Alpina 8-9/2002
N'en déplaise aux intellectuels purs, le monde des idées et celui des
objets ont de tout temps partie liée. La découverte d'objets usuels nous
apprend beaucoup sur la vision du monde et la manière de penser de telle
civilisation. Outre son rôle fonctionnel, s'il en a un, l'ustensile le plus
anodin reflète un art de vivre. Nous nous penchons ce mois-ci sur
l'artisanat dans la franc-maçonnerie. Le sujet est vaste si nous considérons
le nombre et la variété des réalisations en tout genre depuis le tournant
spéculatif du XVIIIe s., pour ne pas remonter plus loin dans le temps. Ce
thème, curieusement, ne suscite pas toujours l'engouement souhaité auprès
des maçons alors que nous travaillons dans des temples ornés d'objets dont
une partie relève assurément de l'artisanat le plus accompli. Peut-être
sont-ils trop proches de nous pour que nous les remarquions ? Il n'empêche, nous connaissons tous de fervents
collectionneurs qui écument brocantes, magasins d'antiquités, salles de
ventes, et ne regardent pas à la dépense lorsqu'il s'agit de s'offrir ce
dont ils rêvaient. En général ils n'exhibent pas leurs acquisitions, ils les
montrent aux happy few en se réservant à eux-mêmes le bonheur de contempler
et de dessiner à loisir les contours de leurs trouvailles, nimbées d'une
aura spéciale à leurs yeux et qui à force d'être aimées acquièrent une vie
en propre. Subtil est le rapport entre l'amateur et les pièces de sa
collection, une sorte de complicité s'établit dépassant la simple
matérialité. Il faut dire que les objets du monde maçonnique ont dans leur
majorité un attrait à part. On s'en rend compte lors des visites de loges.

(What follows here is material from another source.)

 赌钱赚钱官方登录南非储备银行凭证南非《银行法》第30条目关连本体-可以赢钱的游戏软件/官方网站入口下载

Chacune d'elles, même de dimension modeste, possède un espace où sont réunis
des témoignages concrets de son histoire, certains sont de merveilleuses
fabrications. Quant aux ateliers de nos principales villes suisses, ils
recèlent un ensemble d'objets qui à eux seuls méritent le déplacement. Notre
ravissement devant une mécanique de précision, un point de broderie, la
finesse d'une gravure dans un ivoire, une polychromie sur céramique, nous
ramène à l'enfance où l'on s'étonne de tout ce qui attire le regard.

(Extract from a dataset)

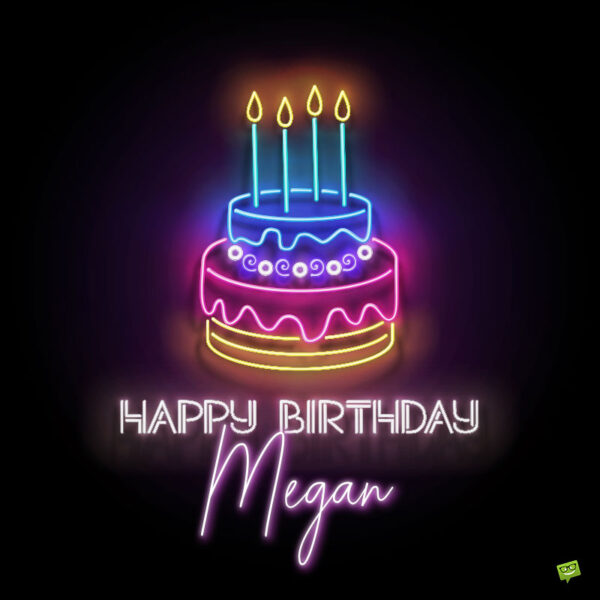 Happy Birthday Megan! - Images and Wishes to Share with Her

D'autant que l'ingéniosité conceptuelle est souvent de mise. Il y eut et il
y a encore de grands manufacturiers, d'autres ont un rayon d'action limité à
une région; enfin, il y a les particuliers travaillant à domicile. Tous se
retrouvent autour de notre symbolique mais tous ne sont pas maçons, comme il
existe des chercheurs profanes. L'ampleur du phénomène déborde le cadre
maçonnique.
La meilleure occasion d'en connaître davantage nous est
offerte par l'exposition Le franc-maçon dans son habit de lumière qui a lieu
à Tours jusqu'au 8 septembre. Manifestation interobédientielle organisée à
l'initiative de l'Association des musées maçonniques européens.